After their meeting, they would come over and awkwardly ask if they could play with us, using the few English words that we had heard earlier. About ten boys, that were all around twelve years old, came to play every day.
Choosing teams was quite easy. We would point to players and try and gesture who would be in a team. It got much easier once we learnt the names of our newly found friends – Davide, Angelo or “Ankie”, Nicola, Luka and a few others. I was called “Kolly” and Eulain was simply “Yay”.
Eulain and I were the only girls that took part in the fast and aggressive game. Within five minutes all the players would be dripping with perspiration. As we played a hot, dry wind swept across the sports grounds.
After about thirty minutes of enthusiastic calling, gesturing, running, laughing and having heaps of fun, a crowd of local children would filter into the benches surrounding the small, concrete field. They would cheer in Croatian, and every now and again try to use English words like ‘Yes Baby!’. You could not help but to burst out in laughter at this!

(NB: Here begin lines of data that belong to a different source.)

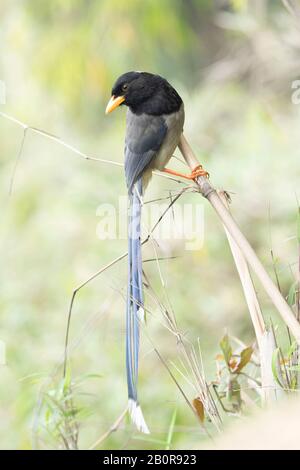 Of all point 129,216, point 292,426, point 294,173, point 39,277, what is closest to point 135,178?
point 129,216

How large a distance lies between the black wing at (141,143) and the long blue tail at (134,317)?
0.36 meters

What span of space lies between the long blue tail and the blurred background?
148 cm

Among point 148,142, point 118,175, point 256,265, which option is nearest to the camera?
point 256,265

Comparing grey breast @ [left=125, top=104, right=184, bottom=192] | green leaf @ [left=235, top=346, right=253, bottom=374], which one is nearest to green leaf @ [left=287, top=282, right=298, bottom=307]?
green leaf @ [left=235, top=346, right=253, bottom=374]

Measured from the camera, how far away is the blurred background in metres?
3.92

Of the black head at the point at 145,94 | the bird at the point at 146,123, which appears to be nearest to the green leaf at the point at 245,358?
the bird at the point at 146,123

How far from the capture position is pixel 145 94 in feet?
7.75

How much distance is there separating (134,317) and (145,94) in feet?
3.01

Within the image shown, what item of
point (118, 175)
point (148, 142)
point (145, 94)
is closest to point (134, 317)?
point (148, 142)

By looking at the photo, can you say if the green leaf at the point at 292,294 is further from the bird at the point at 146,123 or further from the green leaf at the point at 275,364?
the bird at the point at 146,123

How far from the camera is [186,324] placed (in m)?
4.20

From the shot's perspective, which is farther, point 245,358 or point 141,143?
point 141,143

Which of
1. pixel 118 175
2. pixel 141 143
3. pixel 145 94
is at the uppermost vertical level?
pixel 118 175

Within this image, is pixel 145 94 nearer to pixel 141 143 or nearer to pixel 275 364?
pixel 141 143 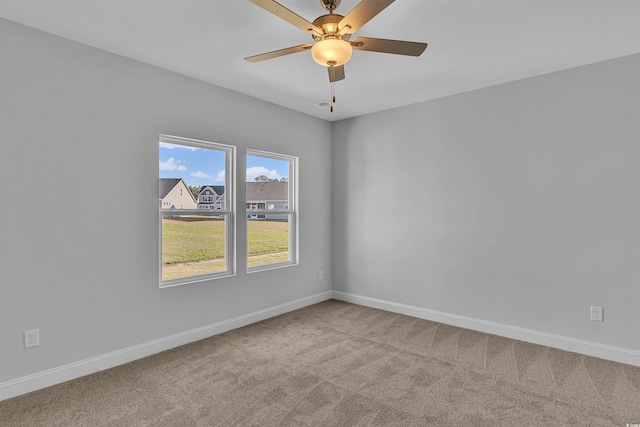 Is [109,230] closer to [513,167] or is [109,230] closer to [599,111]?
[513,167]

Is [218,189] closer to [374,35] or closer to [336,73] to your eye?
[336,73]

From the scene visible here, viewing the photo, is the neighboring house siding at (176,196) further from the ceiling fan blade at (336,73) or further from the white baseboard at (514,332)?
the white baseboard at (514,332)

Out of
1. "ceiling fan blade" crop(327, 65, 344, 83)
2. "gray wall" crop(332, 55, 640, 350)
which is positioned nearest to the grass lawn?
"gray wall" crop(332, 55, 640, 350)

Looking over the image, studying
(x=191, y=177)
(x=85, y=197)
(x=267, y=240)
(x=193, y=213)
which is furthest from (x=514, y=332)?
(x=85, y=197)

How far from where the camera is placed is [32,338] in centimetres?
246

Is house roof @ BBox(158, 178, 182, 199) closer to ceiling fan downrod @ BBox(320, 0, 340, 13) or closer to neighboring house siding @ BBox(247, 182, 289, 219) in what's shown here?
neighboring house siding @ BBox(247, 182, 289, 219)

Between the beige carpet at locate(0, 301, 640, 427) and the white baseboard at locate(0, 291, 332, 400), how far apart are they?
0.07m

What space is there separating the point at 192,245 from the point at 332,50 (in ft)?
8.24

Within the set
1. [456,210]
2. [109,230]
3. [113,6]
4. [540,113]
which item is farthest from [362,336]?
[113,6]

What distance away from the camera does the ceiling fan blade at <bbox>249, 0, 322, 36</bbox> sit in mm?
1685

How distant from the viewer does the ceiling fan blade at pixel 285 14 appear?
1685 mm

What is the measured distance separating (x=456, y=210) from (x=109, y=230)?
3519 millimetres

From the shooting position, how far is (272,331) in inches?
145

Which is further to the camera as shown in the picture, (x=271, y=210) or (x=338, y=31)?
(x=271, y=210) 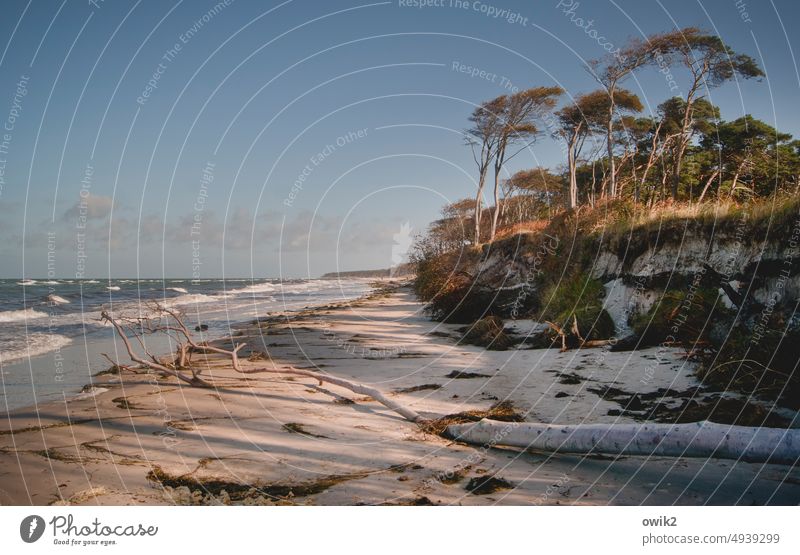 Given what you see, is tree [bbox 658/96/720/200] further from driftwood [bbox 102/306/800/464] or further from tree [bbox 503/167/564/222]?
driftwood [bbox 102/306/800/464]

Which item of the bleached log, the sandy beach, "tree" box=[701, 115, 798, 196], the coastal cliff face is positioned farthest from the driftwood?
"tree" box=[701, 115, 798, 196]

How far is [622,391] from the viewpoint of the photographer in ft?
19.5

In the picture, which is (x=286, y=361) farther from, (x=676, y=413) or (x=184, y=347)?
(x=676, y=413)

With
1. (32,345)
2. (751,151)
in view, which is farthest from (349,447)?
(751,151)

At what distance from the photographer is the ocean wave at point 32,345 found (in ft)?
32.4

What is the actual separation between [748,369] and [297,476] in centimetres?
570

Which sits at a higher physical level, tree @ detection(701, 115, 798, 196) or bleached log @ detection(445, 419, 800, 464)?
tree @ detection(701, 115, 798, 196)
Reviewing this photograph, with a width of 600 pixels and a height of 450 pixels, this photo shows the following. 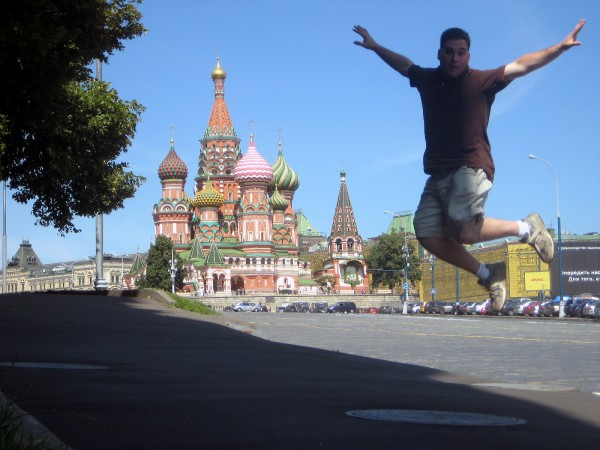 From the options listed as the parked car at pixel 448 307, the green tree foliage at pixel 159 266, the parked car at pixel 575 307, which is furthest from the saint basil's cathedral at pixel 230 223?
the parked car at pixel 575 307

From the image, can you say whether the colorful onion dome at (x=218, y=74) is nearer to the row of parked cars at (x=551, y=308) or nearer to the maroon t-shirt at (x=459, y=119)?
the row of parked cars at (x=551, y=308)

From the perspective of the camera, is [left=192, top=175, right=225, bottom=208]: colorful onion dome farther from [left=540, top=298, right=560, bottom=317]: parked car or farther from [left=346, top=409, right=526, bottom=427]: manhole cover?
[left=346, top=409, right=526, bottom=427]: manhole cover

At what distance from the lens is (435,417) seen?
27.4 ft

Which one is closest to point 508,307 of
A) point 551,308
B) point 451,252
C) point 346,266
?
point 451,252

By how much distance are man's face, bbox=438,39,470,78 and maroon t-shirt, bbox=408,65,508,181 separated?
28 mm

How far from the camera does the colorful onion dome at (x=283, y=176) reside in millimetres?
159000

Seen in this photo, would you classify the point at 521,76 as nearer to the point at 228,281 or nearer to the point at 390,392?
the point at 390,392

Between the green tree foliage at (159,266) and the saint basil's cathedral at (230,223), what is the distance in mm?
13437

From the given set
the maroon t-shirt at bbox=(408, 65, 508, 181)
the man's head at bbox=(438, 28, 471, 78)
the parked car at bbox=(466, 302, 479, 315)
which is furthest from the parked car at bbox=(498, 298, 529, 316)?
the parked car at bbox=(466, 302, 479, 315)

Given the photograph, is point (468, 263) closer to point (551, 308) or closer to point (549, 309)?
point (551, 308)

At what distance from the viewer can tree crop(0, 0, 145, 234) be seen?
14500 millimetres

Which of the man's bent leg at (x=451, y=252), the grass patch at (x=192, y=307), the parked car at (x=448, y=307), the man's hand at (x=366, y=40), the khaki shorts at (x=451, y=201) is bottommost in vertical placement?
the parked car at (x=448, y=307)

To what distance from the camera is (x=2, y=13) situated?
44.0 ft

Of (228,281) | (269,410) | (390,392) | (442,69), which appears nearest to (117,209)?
(390,392)
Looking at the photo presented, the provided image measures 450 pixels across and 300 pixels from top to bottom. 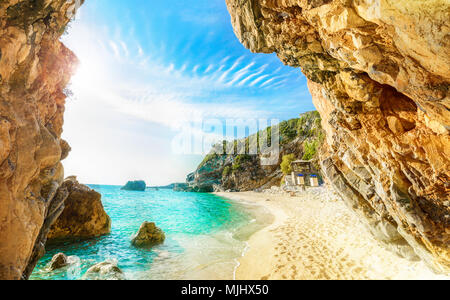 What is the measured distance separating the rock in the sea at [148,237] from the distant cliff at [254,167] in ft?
160

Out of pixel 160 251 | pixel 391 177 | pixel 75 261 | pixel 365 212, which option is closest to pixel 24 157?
pixel 75 261

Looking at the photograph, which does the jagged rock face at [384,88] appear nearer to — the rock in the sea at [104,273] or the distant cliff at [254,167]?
the rock in the sea at [104,273]

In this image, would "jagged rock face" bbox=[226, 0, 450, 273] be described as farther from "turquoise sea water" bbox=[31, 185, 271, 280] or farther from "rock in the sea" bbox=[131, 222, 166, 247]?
"rock in the sea" bbox=[131, 222, 166, 247]

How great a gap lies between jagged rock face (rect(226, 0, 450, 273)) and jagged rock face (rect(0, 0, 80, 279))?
7.03 meters

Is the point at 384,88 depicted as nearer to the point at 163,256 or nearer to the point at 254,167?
the point at 163,256

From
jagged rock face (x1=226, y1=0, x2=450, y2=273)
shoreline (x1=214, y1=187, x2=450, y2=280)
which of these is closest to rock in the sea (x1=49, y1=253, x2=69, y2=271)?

Later, one of us would swap with one of them and the teams would be mixed. This is when the fun really began. Ankie and Ruzow, despite not really being able to communicate much, got on really well. At one stage, Ruzow passed a short ball to Ankie, the boy started yelling enthusiastically and waving his hands in front of him, ‘Run! Run! Run, Ruzow!’ Everyone cried out in laughter! It was hilarious!
It is always so special to interact with some of the local children of the places that we visit. It is amazing how different we grow up and how much we can learn from each other. As I am writing this, I wish that we were out there right now, playing soccer with the children of Otočak.